In an FPO, production is co-ordinated implying that the group makes decisions on the crop to grow or livestock enterprise to adopt. This decision will be informed by what is required on the market. This means, therefore, that market-led production is undertaken and hence a guaranteed market secured prior to production.
There are a lot of benefits derived from forming FPOs. These include:
- Collective management of resources;
- Collective purchases that can attract discounts from input suppliers;
- Reduction in cost of means of production; and
- Collective marketing improves bargaining power.
AMA is, therefore, raising awareness among farmers on these benefits and assisting in development of FPOs.
The concept of FPOs is well-entrenched on the Indian agricultural production landscape which is underpinned on transforming farming as a business. This model has scored a lot of positives for farmers in India.
In India, an FPO is a legal entity comprising of 20 or more farmers and registered with the Government of India through either the Cooperatives Act or Companies Act. The concept is almost similar to the village business unit what the Zimbabwe government is rolling out across the country.
The emergence of FPOs in India over the years emanated from the highly fragmented nature of farmland in that country. There has been a steady decline in farmland size for small-scale farmers in the past 20 years. On average, land size in India is 1.08 hectares per farmer. On the other hand, about 86% of the small-scale farmers occupy total land holdings in India.
This scenario of fragmentation of the land resource entailed diseconomies of scale and ultimately diminishing profitability of farming. These challenges led to the birth of the FPO model to enhance production and productivity of small-scale farmers.

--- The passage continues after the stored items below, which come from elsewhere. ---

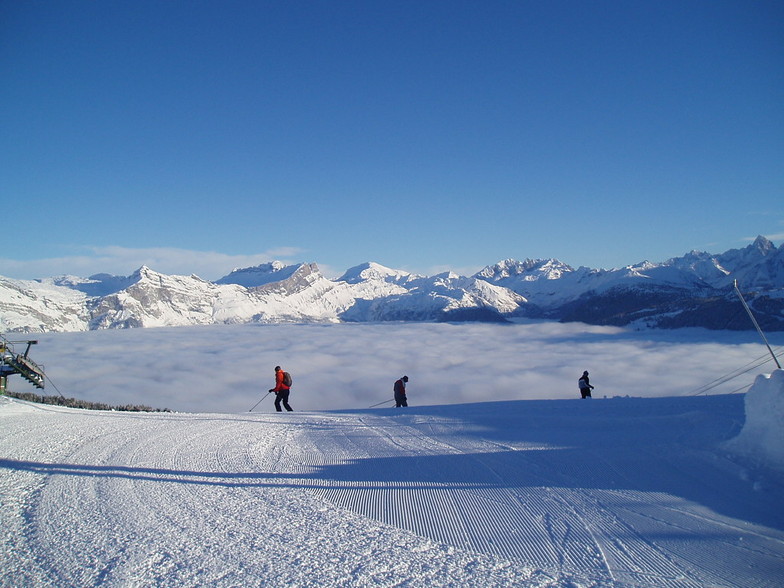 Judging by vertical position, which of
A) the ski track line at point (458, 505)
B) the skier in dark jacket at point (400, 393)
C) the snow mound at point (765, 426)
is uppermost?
the snow mound at point (765, 426)

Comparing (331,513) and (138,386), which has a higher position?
(331,513)

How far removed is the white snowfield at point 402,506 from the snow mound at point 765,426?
0.03 meters

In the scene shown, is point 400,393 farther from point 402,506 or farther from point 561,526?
point 561,526

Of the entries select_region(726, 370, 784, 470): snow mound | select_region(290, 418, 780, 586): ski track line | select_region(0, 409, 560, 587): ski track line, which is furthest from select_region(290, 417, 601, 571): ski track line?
select_region(726, 370, 784, 470): snow mound

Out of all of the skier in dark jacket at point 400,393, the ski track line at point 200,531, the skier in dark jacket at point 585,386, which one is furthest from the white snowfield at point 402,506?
the skier in dark jacket at point 585,386

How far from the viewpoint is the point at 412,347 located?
606 feet

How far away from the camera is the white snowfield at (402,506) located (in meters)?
3.84

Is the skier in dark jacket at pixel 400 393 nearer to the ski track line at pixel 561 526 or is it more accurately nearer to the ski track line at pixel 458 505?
the ski track line at pixel 458 505

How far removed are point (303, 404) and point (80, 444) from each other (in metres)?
94.1

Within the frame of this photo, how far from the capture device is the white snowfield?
12.6 ft

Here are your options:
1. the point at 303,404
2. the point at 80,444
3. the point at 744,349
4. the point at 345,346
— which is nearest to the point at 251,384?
the point at 303,404

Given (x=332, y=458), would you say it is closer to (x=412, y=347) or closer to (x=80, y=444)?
(x=80, y=444)

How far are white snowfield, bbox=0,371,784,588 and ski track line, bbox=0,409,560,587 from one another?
20 millimetres

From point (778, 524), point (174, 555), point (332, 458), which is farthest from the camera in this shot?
point (332, 458) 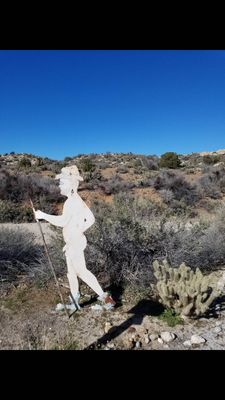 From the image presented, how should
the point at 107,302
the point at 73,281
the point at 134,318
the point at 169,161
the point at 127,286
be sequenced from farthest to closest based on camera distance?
the point at 169,161 < the point at 127,286 < the point at 73,281 < the point at 107,302 < the point at 134,318

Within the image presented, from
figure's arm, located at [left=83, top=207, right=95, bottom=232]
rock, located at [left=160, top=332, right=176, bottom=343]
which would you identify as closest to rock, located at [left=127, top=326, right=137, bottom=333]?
rock, located at [left=160, top=332, right=176, bottom=343]

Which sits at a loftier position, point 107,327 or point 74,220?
point 74,220

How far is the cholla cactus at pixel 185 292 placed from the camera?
14.7 feet

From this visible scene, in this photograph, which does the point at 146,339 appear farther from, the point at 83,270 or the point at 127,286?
the point at 127,286

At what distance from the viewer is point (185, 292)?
4.50 m

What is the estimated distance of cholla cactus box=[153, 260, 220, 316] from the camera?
448 centimetres

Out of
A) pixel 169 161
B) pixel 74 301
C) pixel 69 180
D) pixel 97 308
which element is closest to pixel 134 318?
pixel 97 308

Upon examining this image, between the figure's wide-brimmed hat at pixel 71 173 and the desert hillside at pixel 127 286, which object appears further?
the figure's wide-brimmed hat at pixel 71 173

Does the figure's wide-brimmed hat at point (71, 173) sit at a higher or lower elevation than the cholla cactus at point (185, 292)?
higher

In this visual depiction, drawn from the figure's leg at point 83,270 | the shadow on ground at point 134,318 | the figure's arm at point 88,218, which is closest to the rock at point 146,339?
the shadow on ground at point 134,318

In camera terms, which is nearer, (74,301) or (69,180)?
(69,180)

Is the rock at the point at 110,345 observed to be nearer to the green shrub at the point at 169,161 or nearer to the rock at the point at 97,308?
the rock at the point at 97,308
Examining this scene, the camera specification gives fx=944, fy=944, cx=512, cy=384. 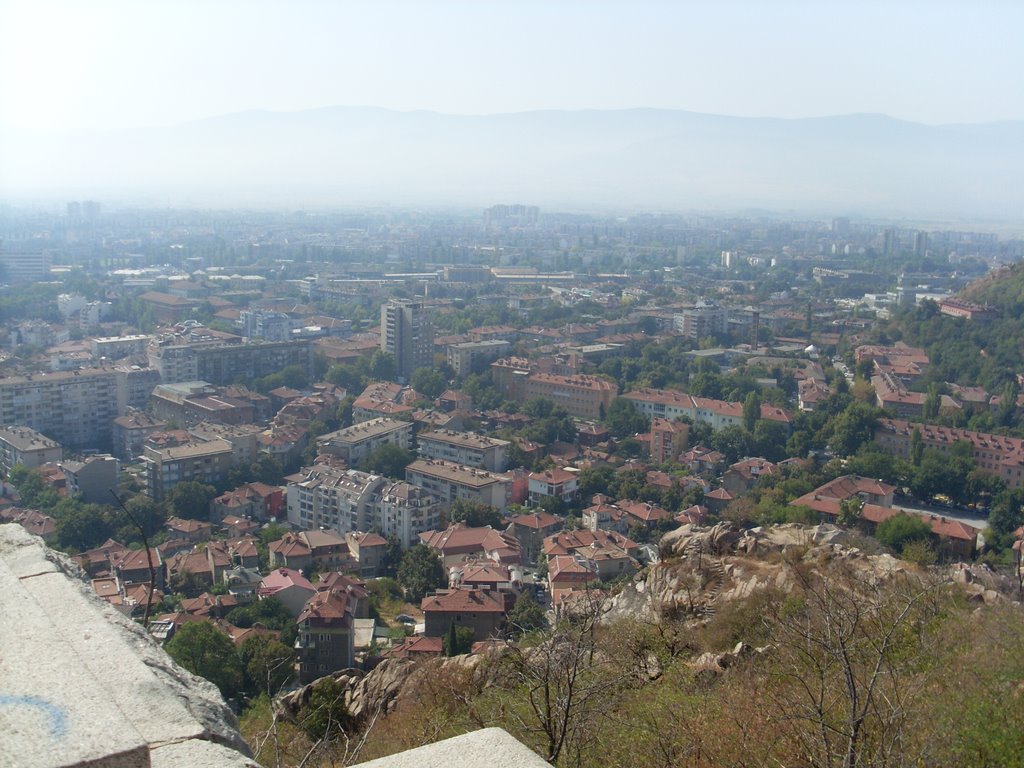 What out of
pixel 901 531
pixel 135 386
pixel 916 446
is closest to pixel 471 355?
pixel 135 386

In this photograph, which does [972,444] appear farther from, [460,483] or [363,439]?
[363,439]

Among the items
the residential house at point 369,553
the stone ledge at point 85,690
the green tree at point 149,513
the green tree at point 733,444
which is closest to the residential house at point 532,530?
the residential house at point 369,553

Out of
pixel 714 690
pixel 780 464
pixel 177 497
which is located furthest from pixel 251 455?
pixel 714 690

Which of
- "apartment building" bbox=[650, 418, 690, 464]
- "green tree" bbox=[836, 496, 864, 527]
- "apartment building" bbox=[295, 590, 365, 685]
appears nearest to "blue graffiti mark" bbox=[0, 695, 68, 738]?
"apartment building" bbox=[295, 590, 365, 685]

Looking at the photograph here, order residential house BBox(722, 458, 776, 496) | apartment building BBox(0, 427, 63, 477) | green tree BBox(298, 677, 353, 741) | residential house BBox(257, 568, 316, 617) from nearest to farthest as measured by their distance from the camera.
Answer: green tree BBox(298, 677, 353, 741) → residential house BBox(257, 568, 316, 617) → apartment building BBox(0, 427, 63, 477) → residential house BBox(722, 458, 776, 496)

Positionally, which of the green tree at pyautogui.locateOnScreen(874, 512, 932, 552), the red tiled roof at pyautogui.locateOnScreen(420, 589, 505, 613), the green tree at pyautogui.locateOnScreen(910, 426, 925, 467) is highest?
the red tiled roof at pyautogui.locateOnScreen(420, 589, 505, 613)

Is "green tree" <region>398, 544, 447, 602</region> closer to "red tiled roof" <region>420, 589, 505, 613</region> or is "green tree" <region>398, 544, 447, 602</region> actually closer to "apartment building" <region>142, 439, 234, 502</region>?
"red tiled roof" <region>420, 589, 505, 613</region> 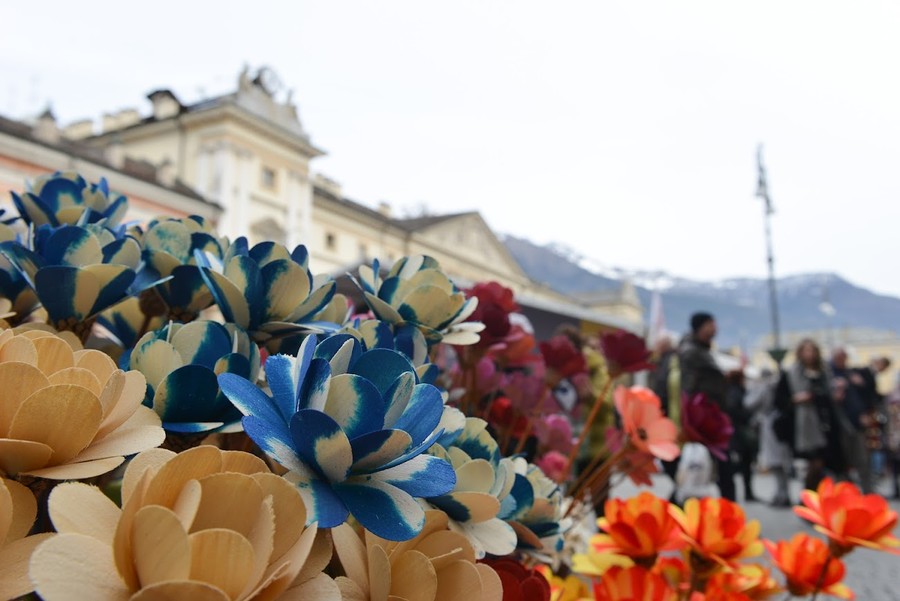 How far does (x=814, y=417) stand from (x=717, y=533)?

The world’s largest dairy co-operative is found in India. Amul (Anand Milk Union Limited) Dairy Co-operative was borne out of the FPO model and is women-constituted co-operative. The co-operative was created in 1946 as a reaction to the exploitation of local milk producers by the dealers and agents of the main dairy companies of that time.
The aggregation of milk from the village level in the Amul case study shows how grassroots initiatives can lead to the birth of large conglomerates controlled and benefiting the primary producers.
The FPO model in India presents a desirable case study from where lessons can be drawn for Zimbabwe’s agriculture sector in transforming farming as a business.
If local farmers can adopt such production models, Zimbabwe will smush production targets as well as achieve food and nutrition security as espoused in the National Development Strategy 1.